A Research Paper by Laban.
The Impossibility of Extra-Constitutional Legitimacy:Sovereignty, Constitutional Absolutism, and the Case of Kenya’s 2010 Constitution.
A Research Paper by Laban.
Abstract
This paper develops the theory of Extra-Constitutional Non-Existence in democratic republics, arguing that once sovereignty is institutionalized through a constitution, no legitimate political action can exist outside it. Drawing from social contract theory (Hobbes, Locke, Rousseau), Madisonian republicanism, and Kenya’s constitutional jurisprudence—as well as the constitutional theories of Carl Schmitt, Emmanuel Joseph Sieyès, and Hans Kelsen—the paper contends that the people’s sovereign authority is fully realized through constitutionalism. It refutes the notion that the people retain a latent, recoverable sovereignty outside constitutional structures, demonstrating instead that extra-constitutional action destabilizes political equilibrium and undermines the rule of law. The study concludes by advocating for the self-corrective capacity of the Constitution of Kenya, 2010, as the sole legitimate framework for democratic renewal.
Introduction
In December 2007, Kenya descended into chaos as disputed election results sparked violence that claimed over 1,300 lives and displaced hundreds of thousands—a stark reminder of what happens when political grievances bypass constitutional channels. The Constitution of Kenya, 2010, emerged from this crisis, redefining sovereign power by vesting ultimate authority in the people while constraining its exercise within legal bounds. Yet tensions persist, evident in mass protests, political negotiations (e.g., the NADCO Report and the 2018 "handshake"), and judicial rulings like the Building Bridges Initiative (BBI) and Njoya cases. While courts have clarified procedural limits on constitutional amendments, a deeper question lingers: Can legitimate political action exist outside the constitutional framework?
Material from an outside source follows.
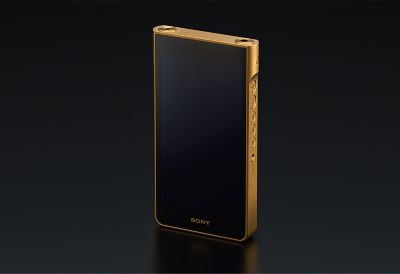 Gold Sony Walkman with black screen on dark background.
This paper argues that in a democratic republic, no extra-constitutional political existence is permissible. Synthesizing social contract theory, Madisonian republicanism, and Kenya’s constitutional jurisprudence, it posits that sovereignty, once institutionalized, is inseparable from constitutional processes. Assertions of extra-constitutional authority risk destabilizing the rule of law and the republic’s foundational compact. The paper first explores theoretical foundations, then applies them to Kenya’s constitutional framework, rebuts arguments for extra-constitutional sovereignty, and concludes with the Constitution’s self-corrective promise. At its core is the social contract—the idea that the people surrender certain freedoms for regulated governance. Once this contract is formalized in a constitution, sovereignty is channeled through institutions and procedures, making the constitutional order the exclusive framework for its exercise.
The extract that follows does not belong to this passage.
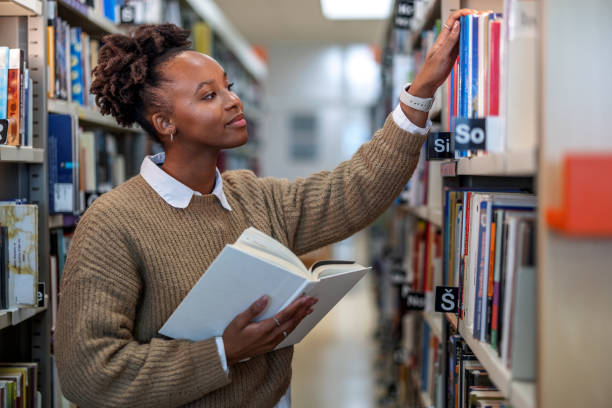istock Young African-American Student Trying to Find A Book 1473485214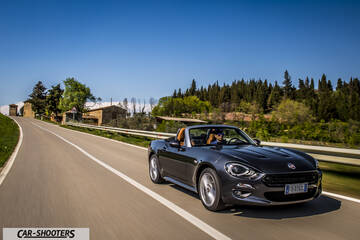 Fiat 124 Spider – front three-quarter, dark grey on a country road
1. Theoretical Foundations
1.1 The Social Contract and the Nature of Political Authority
Social contract theory underpins constitutional sovereignty by offering a philosophical foundation for the legitimacy of political authority. Hobbes’ Leviathan (1651) presents the social contract as a pragmatic surrender of natural rights to an absolute sovereign to escape the chaos of the state of nature. This view prioritizes order over liberty, reflecting the necessity of centralized power to maintain peace. Locke’s Two Treatises of Government (1689) departs from Hobbes by anchoring legitimacy in the government’s duty to protect life, liberty, and property—tying sovereignty to the preservation of fundamental rights rather than mere stability. Finally, Rousseau’s The Social Contract (1762) further develops the theory by introducing the concept of the "general will"—a collective expression of the people’s common good, distinguishing legitimate authority from mere power, which this paper seeks to advance.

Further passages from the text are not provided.